(Saved data entries)
■ ■ ■ ■ ■

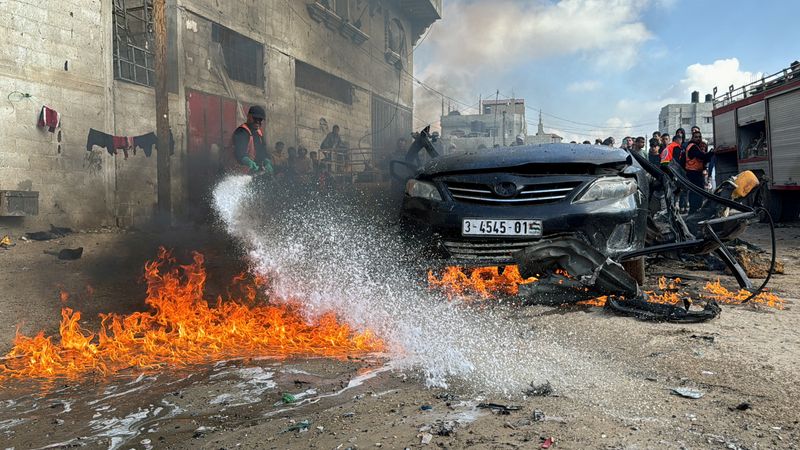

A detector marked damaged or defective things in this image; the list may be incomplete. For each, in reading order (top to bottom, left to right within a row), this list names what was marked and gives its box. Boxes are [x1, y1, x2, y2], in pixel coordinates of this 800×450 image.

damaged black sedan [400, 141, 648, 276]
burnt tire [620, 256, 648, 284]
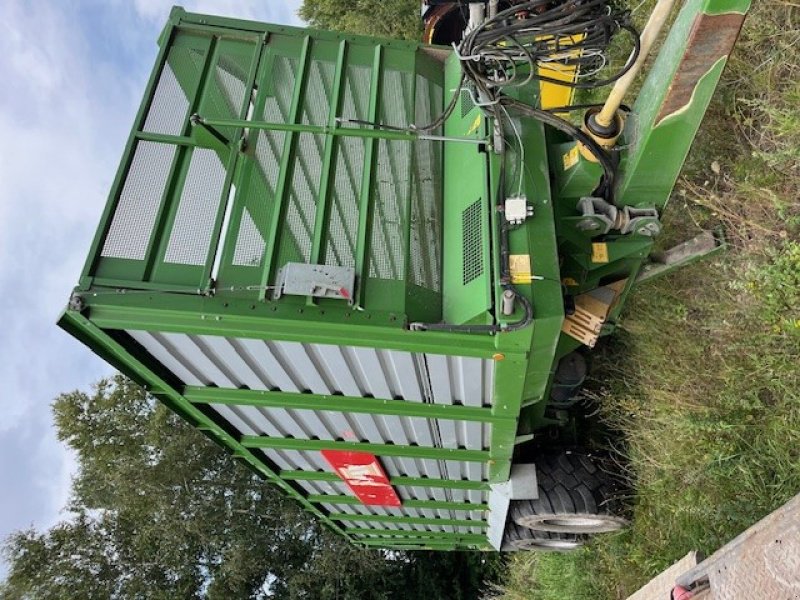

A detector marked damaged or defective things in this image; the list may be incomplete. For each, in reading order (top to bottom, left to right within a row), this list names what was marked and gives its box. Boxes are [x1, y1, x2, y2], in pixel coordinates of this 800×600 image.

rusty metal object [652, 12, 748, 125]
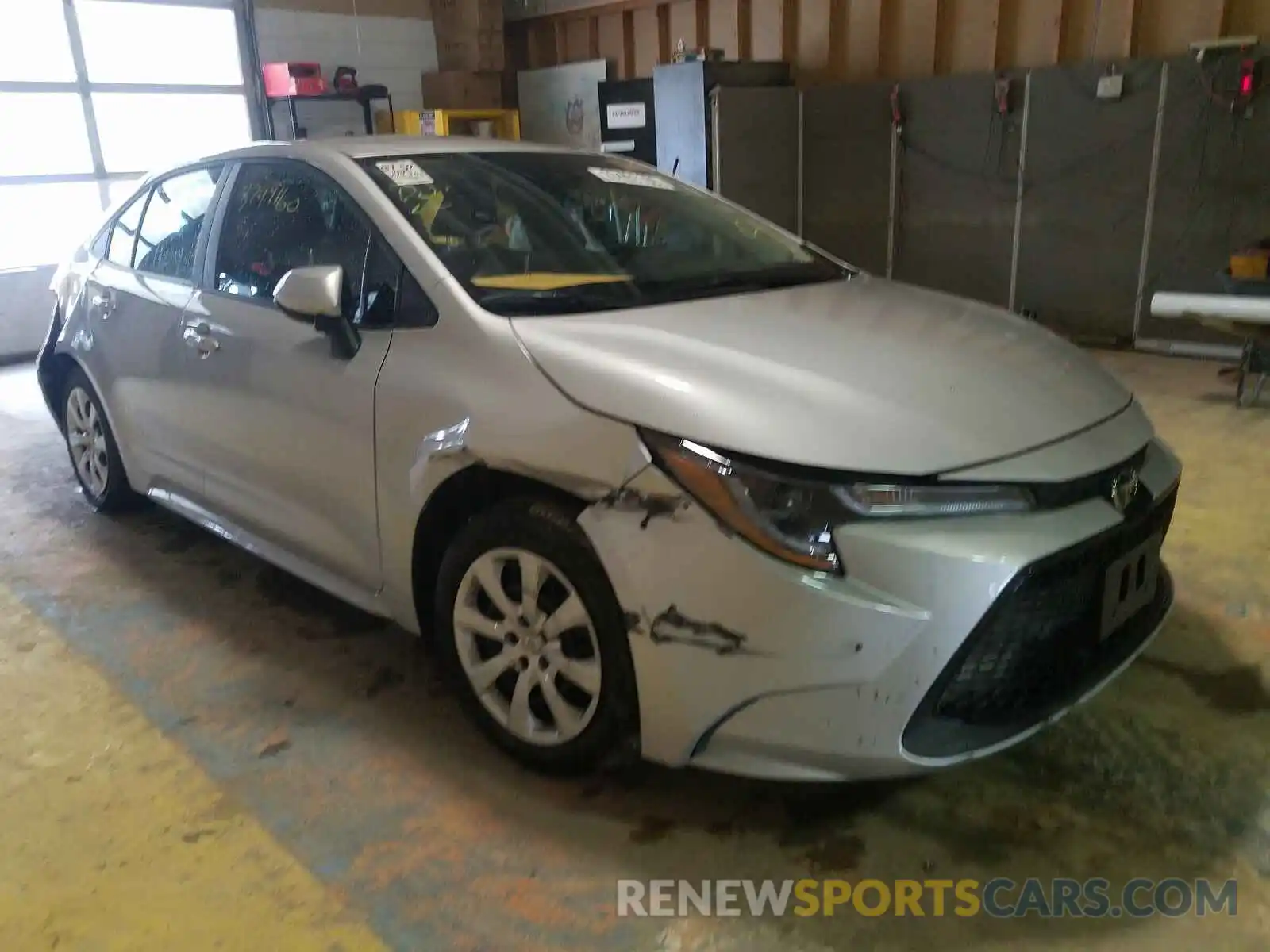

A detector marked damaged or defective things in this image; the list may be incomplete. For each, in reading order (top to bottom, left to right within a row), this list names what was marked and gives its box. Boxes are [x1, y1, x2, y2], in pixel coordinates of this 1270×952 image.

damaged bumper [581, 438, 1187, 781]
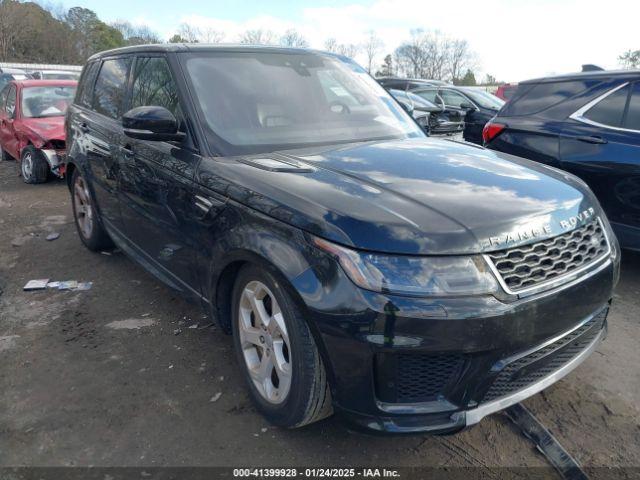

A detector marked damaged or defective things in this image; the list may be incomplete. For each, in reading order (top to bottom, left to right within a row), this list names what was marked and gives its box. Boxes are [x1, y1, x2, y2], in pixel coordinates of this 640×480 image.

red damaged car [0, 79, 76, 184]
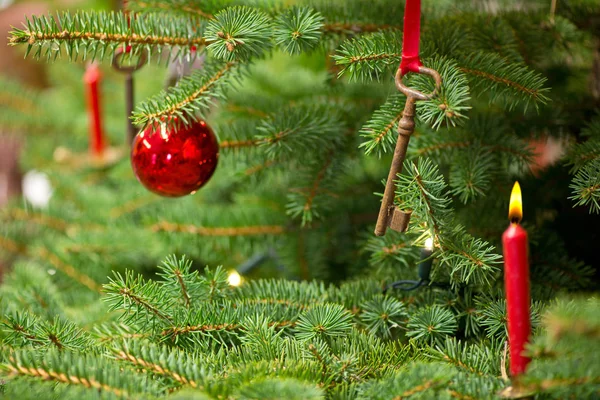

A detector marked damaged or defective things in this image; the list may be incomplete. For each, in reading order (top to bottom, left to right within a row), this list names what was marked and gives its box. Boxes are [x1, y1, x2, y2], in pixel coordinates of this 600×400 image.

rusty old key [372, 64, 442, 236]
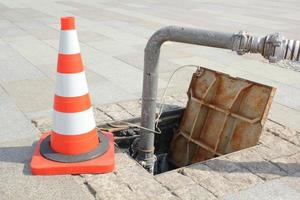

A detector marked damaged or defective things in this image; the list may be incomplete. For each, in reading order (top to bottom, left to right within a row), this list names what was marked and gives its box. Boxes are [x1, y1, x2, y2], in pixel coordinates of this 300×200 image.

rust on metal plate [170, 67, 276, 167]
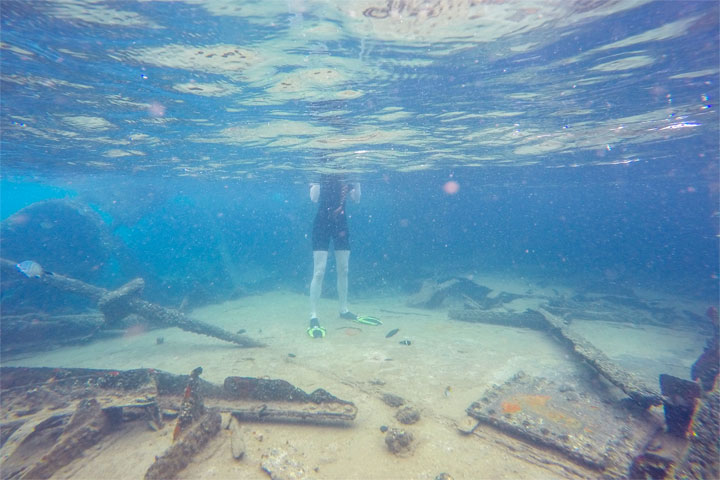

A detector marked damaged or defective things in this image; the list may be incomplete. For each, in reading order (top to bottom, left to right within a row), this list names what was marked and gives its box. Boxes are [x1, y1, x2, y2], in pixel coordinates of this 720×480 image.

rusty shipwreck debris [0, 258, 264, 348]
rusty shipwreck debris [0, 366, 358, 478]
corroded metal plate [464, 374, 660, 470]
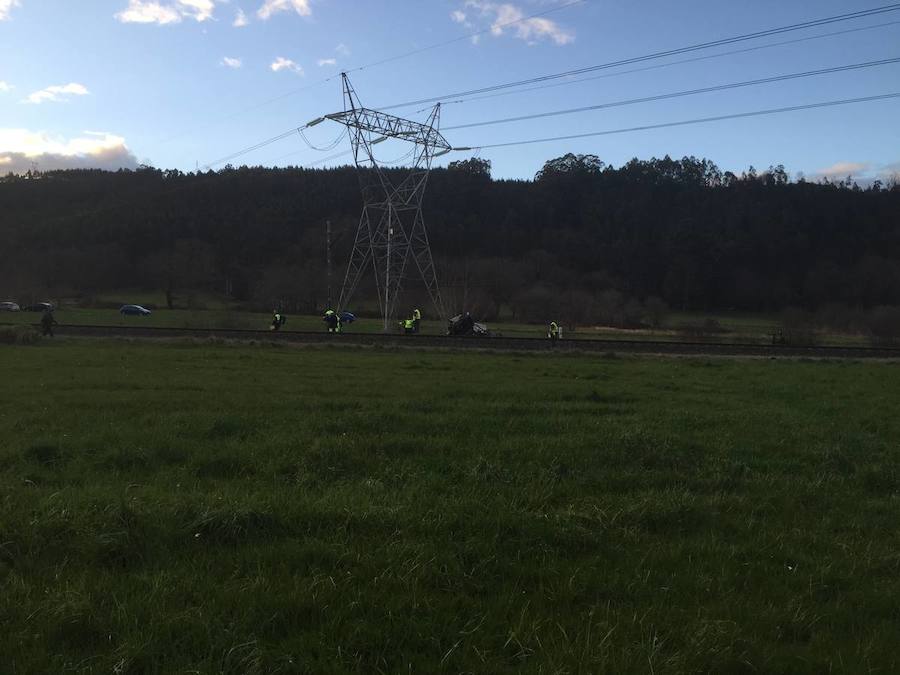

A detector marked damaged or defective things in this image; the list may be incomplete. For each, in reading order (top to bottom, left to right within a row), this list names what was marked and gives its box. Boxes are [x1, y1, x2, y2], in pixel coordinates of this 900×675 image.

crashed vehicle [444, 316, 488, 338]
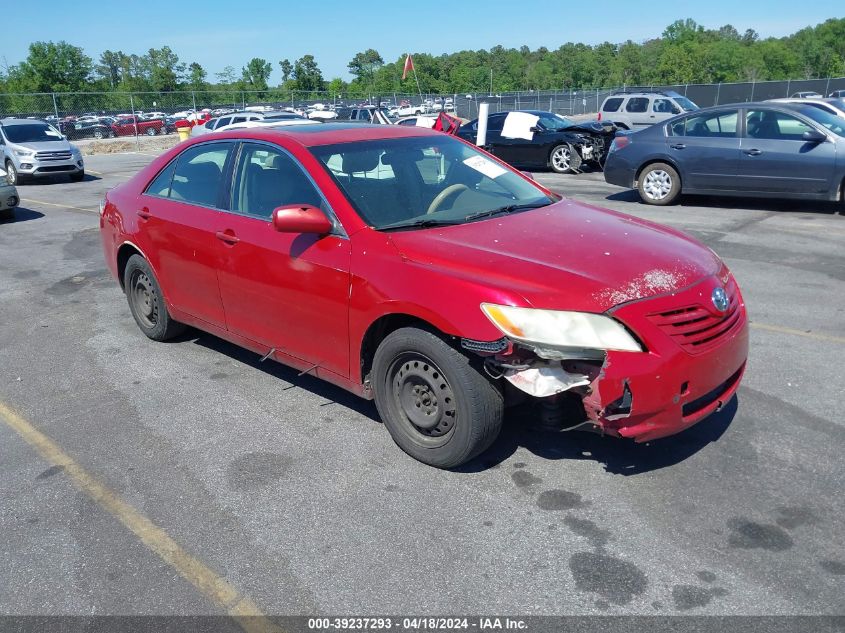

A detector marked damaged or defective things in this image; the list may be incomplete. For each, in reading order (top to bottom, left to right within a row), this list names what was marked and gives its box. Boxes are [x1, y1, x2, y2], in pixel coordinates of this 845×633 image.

■ ■ ■ ■ ■

**Your objective:**
Only the lines from the one with "this 300×200 image." through the final line of the entries belong in the answer, set down exactly, with both ends included and no pictures.

**Reply to the task:**
A detector marked damaged or defective things in this image; the list may be incomplete. For each, in reading order (top to bottom, left to right within a row), this list names what was marked and gives its box. Boxes are [x1, y1, x2, y2], in pixel coordinates of this 300×200 image.

rust on metal plate [170, 67, 276, 167]

A detector marked damaged or defective things in this image; the list may be incomplete. For each, in reading order (top to bottom, left to right within a row), this list names what was marked and gives its box. Boxes are [x1, y1, x2, y2], in pixel coordinates of this 720×480 image.

rusty shipwreck debris [0, 258, 264, 348]
rusty shipwreck debris [0, 366, 358, 478]
corroded metal plate [464, 374, 660, 470]

A detector marked damaged or defective things in this image; the list may be incomplete. For each, in reading order (top to bottom, left to right within a row), this list names what was marked and gives its box. Boxes are [x1, y1, x2, y2], in pixel coordinates of this 900×675 image.

crashed vehicle [444, 316, 488, 338]

A detector marked damaged or defective things in this image; the list may be incomplete. For each, in reading order (top to bottom, left to right within a row), this list names what was marked and gives its box. Boxes are [x1, y1, x2, y2], in pixel coordinates of this 845×633 image.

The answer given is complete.